- [To do] The whole listing is to be restated word for word with no images.

____ Entries supplied

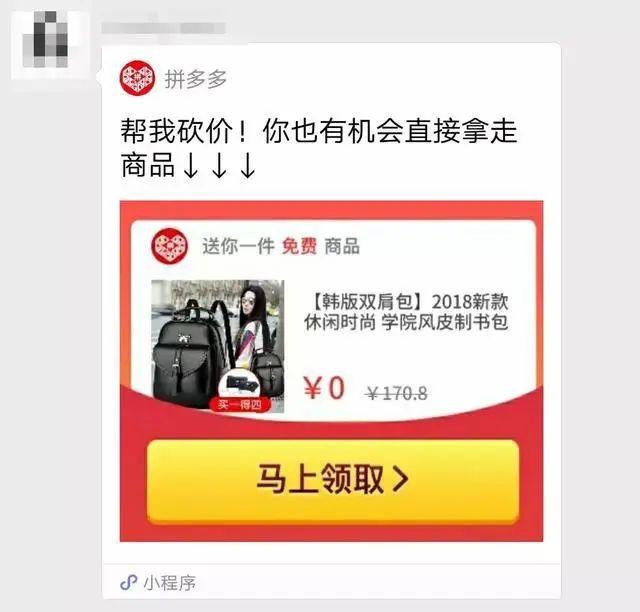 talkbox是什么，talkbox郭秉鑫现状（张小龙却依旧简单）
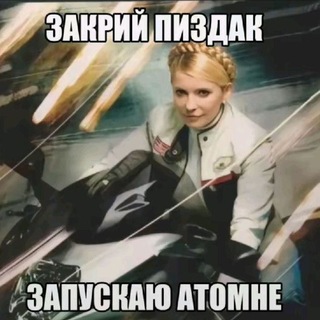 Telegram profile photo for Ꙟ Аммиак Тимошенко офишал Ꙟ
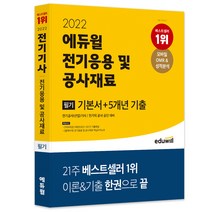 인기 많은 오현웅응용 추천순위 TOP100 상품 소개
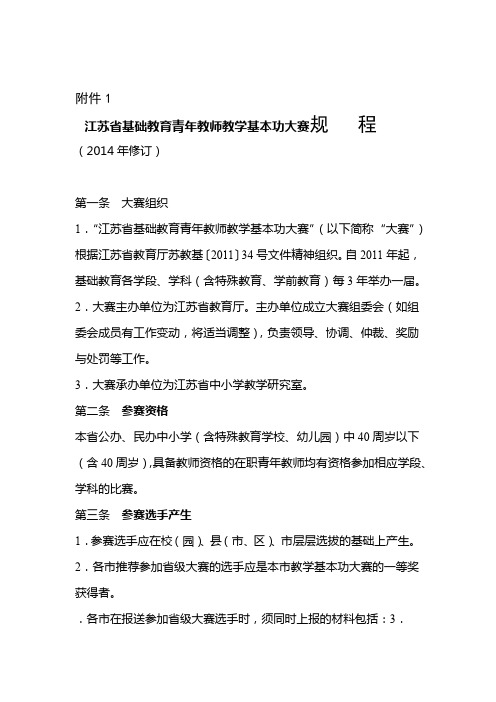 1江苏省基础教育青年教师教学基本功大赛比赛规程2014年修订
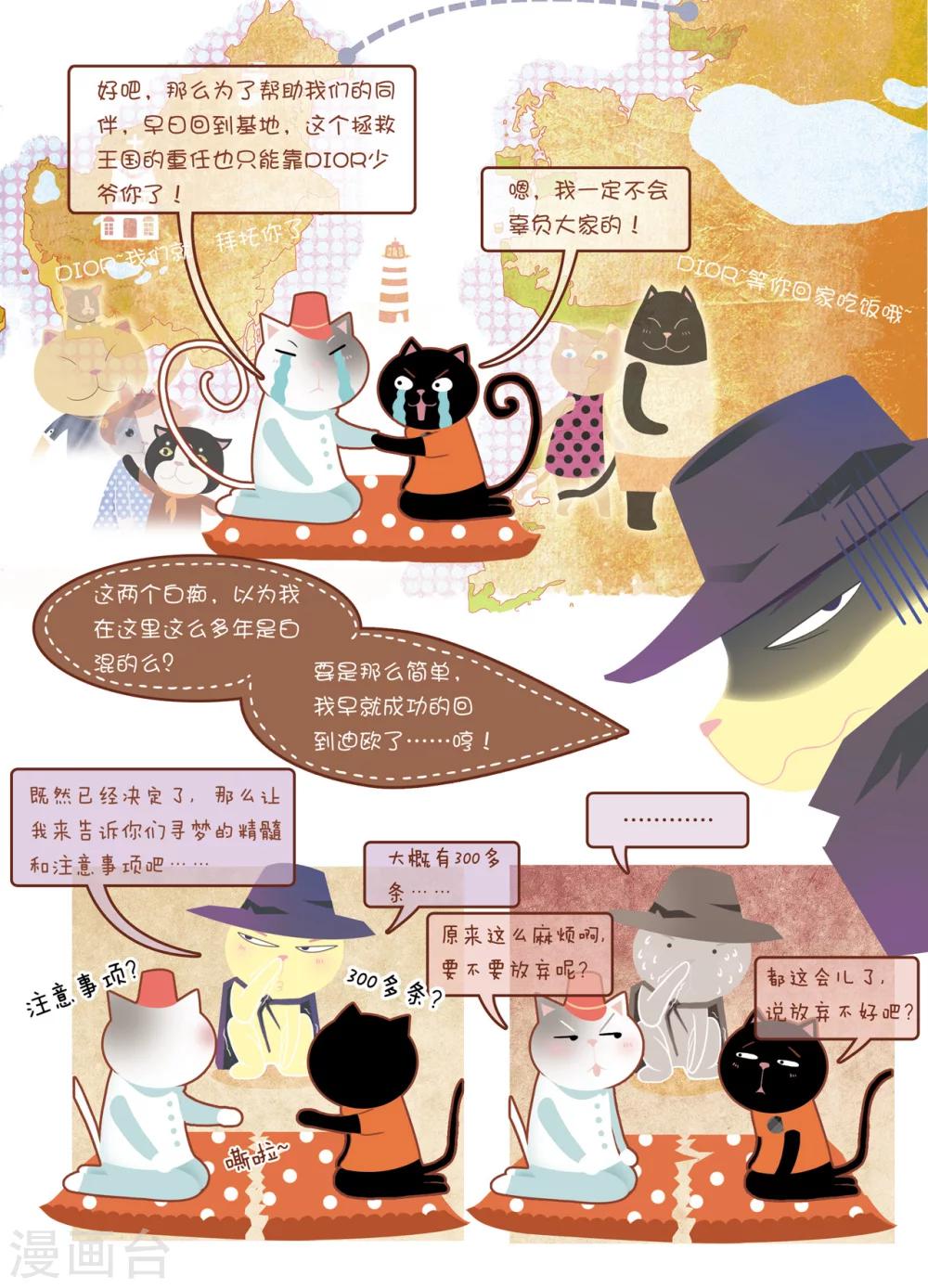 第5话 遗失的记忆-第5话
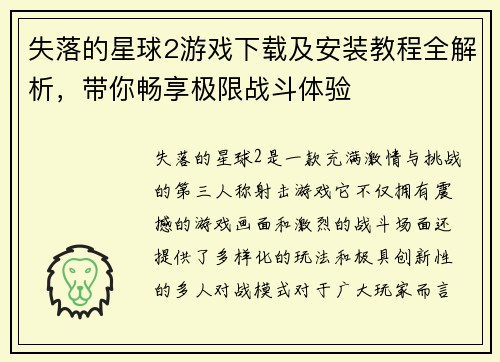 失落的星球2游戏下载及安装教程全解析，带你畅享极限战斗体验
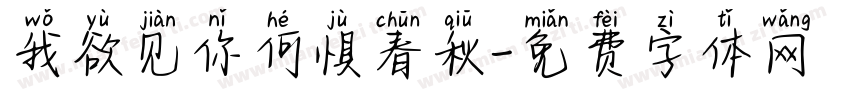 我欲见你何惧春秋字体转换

________

- [Answer section]
 talkbox是什么，talkbox郭秉鑫现状（张小龙却依旧简单）
 Telegram profile photo for Ꙟ Аммиак Тимошенко офишал Ꙟ
 인기 많은 오현웅응용 추천순위 TOP100 상품 소개
 1江苏省基础教育青年教师教学基本功大赛比赛规程2014年修订
 第5话 遗失的记忆-第5话
 失落的星球2游戏下载及安装教程全解析，带你畅享极限战斗体验
 我欲见你何惧春秋字体转换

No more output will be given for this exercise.